TEDx UCSB focused on grand and small scale innovation. For example, Lilly Tam, a Ph.D candidate in education at UCSB, championed research on language and processing styles “embedded in our consciousness” to help “all walks of life.”
Tam argued there are two types of speakers, literal and inferential. Literal speakers believe direct and clear verbiage conveys ideas most effectively while saving time. Inferential speakers prefer to take more time analyzing information. They prefer using more creative ways to describe what they think, see, and hear.
Tam urged the audience to “blend” speaking styles, which promotes healthier relationships and better communication between individuals and their societies. Addressing multiple styles of speaking breaks down barriers to interaction through “effective and engaging” communication that supports more people’s needs.
“Right now, in our world and our country, there is so much miscommunication,” said Tam. Using “ambidextrous” communication styles, as Tam coined, will improve communication at every level of society. Moreover, communication has the power to dismantle individual and societal conflicts. UCSB students can start attacking societal conflicts by improving their communication skills and sharing these ideas with their own communities beyond campus.
Tam’s talk inspired TEDx attendees to start lunch with their newfound communication skills.
In an interview, Matthew Luhn, an established storyteller, writer for Pixar, and speaker at TEDx, explained his journey into a career centered on storytelling. When asked about his creative process, Luhn asserts, “It’s the personal experience that inspires me.”
Through his storytelling, Luhn seeks to convey emotions that resonate with many people. He clarifies, “Look at Google. When they started off, they wanted to make information accessible to everyone… to really change things… They want their consumers/their audience to feel [what’s important to themselves].”
Luhn uses his creativity, which comes from his own experience inside and outside work, in his mentoring of CEO’s, fellow writers, and movie directors. He believes “stories have the power to change the world.”
Using this ideology has made Luhn one of the most successful writers of his generation. Luhn has worked with Google and Pixar, for example. He would not give specifics on exactly with whom else he has worked except for the famous Steve Jobs. He did, however, give an example of an unnamed—for current work reasons—CEO who was “most passionate about” computers and problem solving as a child.

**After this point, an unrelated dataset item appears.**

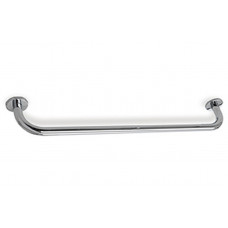 Straight 34cm Grab Rail - Chrome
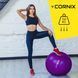 М'яч для фітнесу (фітбол) Cornix 65 см Anti-Burst XR-0022 Violet 3813 фото 13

Luhn discovered that Sherlock Holmes was his favorite literary character throughout childhood. “It helped me take that passion as a kid… to see that Sherlock Holmes digs through problems to problem solve,” said Luhn.
Luhn tries to use this same tactic with all his mentees. He stated, “When the CEOs are following their passion or their vision, it affects everyone below them… I try to figure out that one thing that they are most passionate about.”
Using this passion, Luhn changes the top performer outlook of the CEOs from money first to enlightenment. He helps them find what matters to them and, perhaps, others. Jaw-dropping to some of the CEOs, when they implemented some of their childhood dreams into their work environments they created happier settings for themselves and the people under them, increased sales, and left the doors open to endless opportunity.
Luhn’s creative vision for his work and mentees was a suitably “reaching” theme for TEDx UCSB 2017. Speakers shared their groundbreaking research on everything from linguistics to environmental evolution. Regardless of interests or current place in academia, TEDx UCSB appeals to a wide range of UCSB students.
“I want to do this because I’m passionate about UCSB helping to create a community of thinkers and doers,” said Zach Sawaya, lead student coordinator of TEDx UCSB. “My experience is that working with these professors is pretty cool… I wish I would have talked to professors more.”
If anything, professors at TEDx UCSB give students an informative reminder as to why they are at one of the top universities in the world.